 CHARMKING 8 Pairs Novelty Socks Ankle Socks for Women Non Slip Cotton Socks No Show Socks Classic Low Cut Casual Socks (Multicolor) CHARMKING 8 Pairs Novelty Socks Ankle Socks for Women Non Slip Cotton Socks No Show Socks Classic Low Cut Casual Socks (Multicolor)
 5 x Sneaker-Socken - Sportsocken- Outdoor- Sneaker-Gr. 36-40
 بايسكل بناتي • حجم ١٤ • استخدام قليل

---

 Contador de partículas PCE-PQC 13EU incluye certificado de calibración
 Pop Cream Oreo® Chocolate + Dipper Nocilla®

Task. Give back precisely the lines above that start at the line containing "Contador de partículas" and end at the line containing "Pop Cream Oreo® Chocolate + Dipper Nocilla®", inclusive. No other lines belong in the output.

Solution to this problem.
 Contador de partículas PCE-PQC 13EU incluye certificado de calibración
 Pop Cream Oreo® Chocolate + Dipper Nocilla®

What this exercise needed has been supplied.